(Items from a dataset)

##########

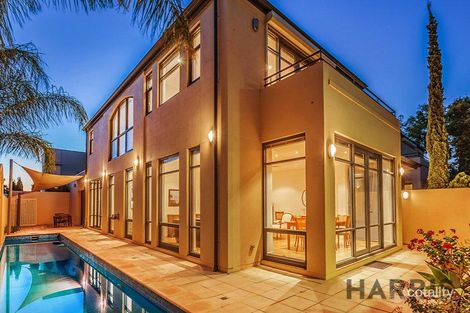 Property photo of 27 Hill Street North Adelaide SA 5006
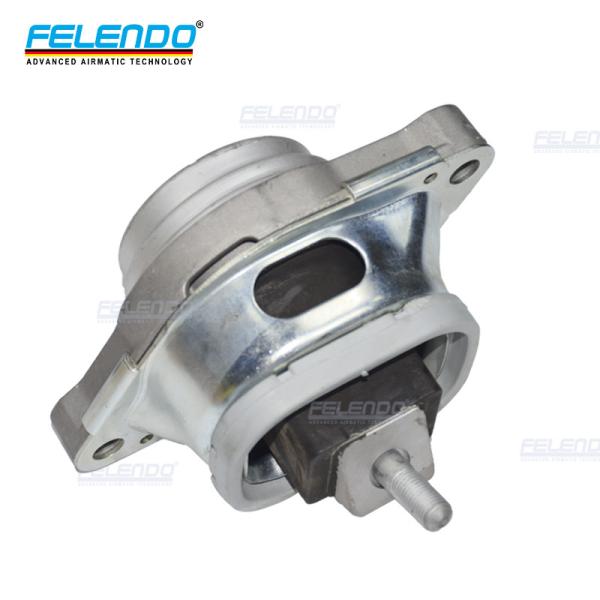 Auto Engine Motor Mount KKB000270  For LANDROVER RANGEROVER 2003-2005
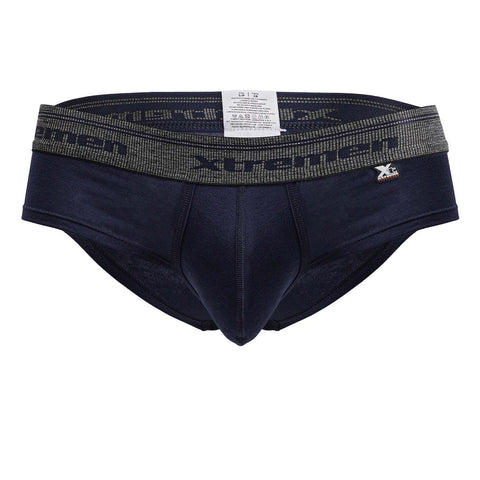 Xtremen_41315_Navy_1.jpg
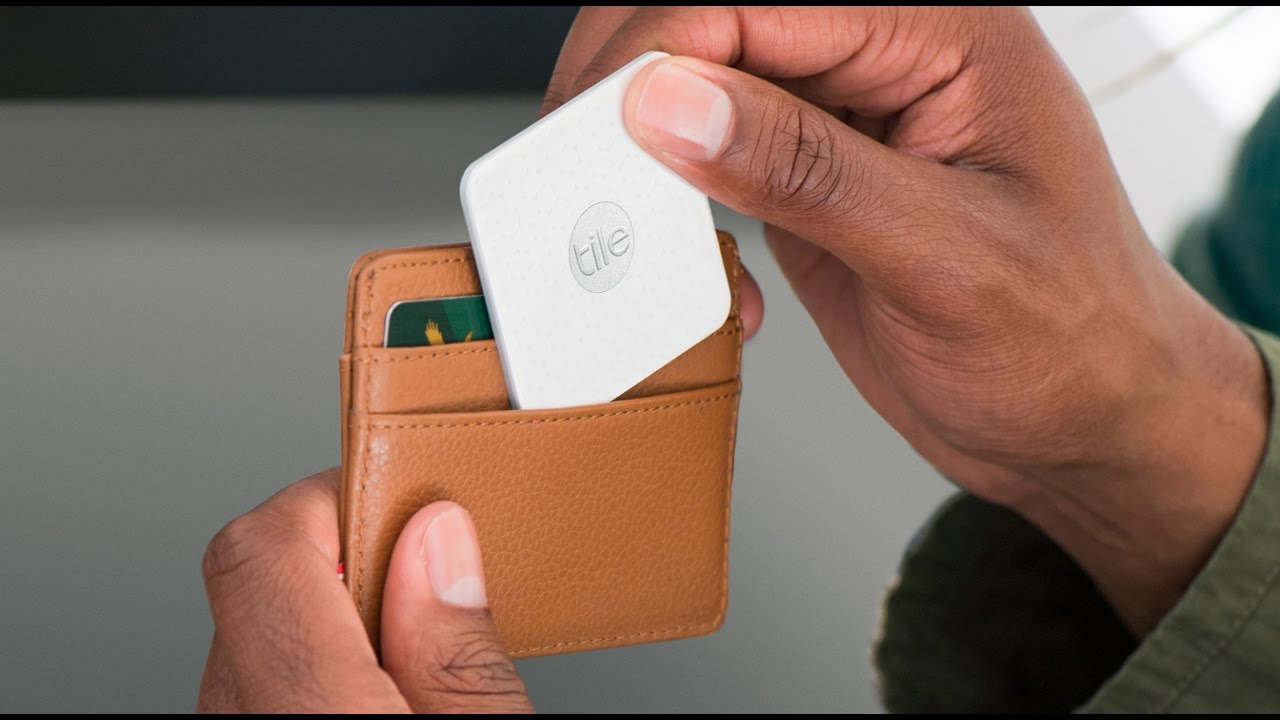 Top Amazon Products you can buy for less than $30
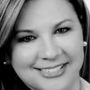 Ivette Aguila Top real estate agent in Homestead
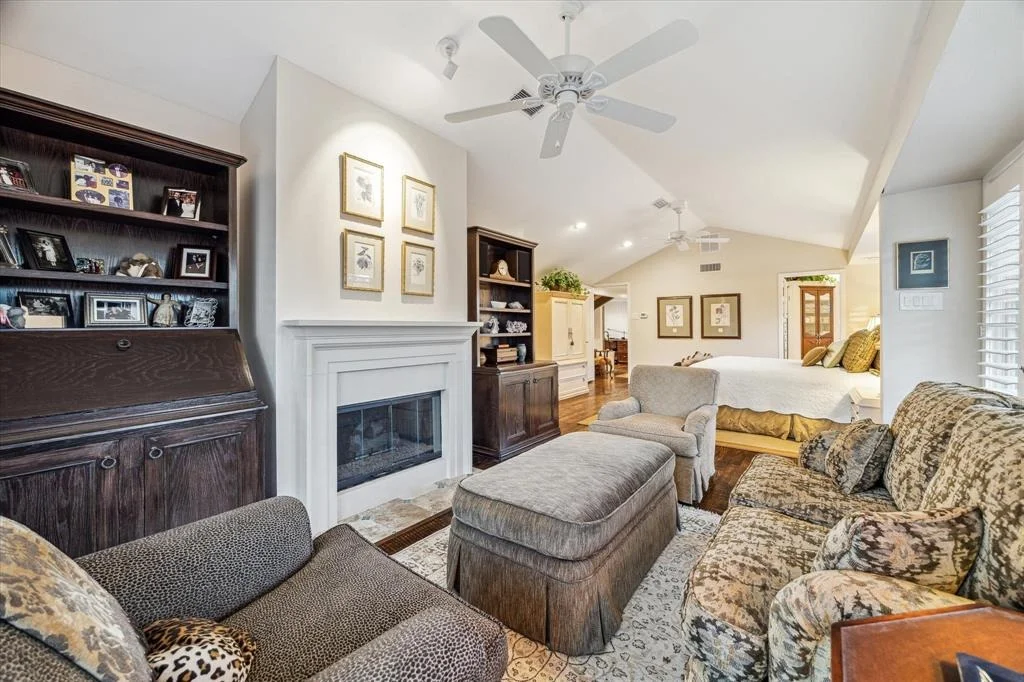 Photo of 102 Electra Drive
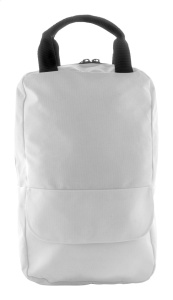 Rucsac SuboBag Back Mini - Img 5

##########

A word-for-word copy of all the records above is required, with the pictures left out.

◆ **RESULT FOR THIS EXERCISE**
 Property photo of 27 Hill Street North Adelaide SA 5006
 Auto Engine Motor Mount KKB000270  For LANDROVER RANGEROVER 2003-2005
 Xtremen_41315_Navy_1.jpg
 Top Amazon Products you can buy for less than $30
 Ivette Aguila Top real estate agent in Homestead
 Photo of 102 Electra Drive
 Rucsac SuboBag Back Mini - Img 5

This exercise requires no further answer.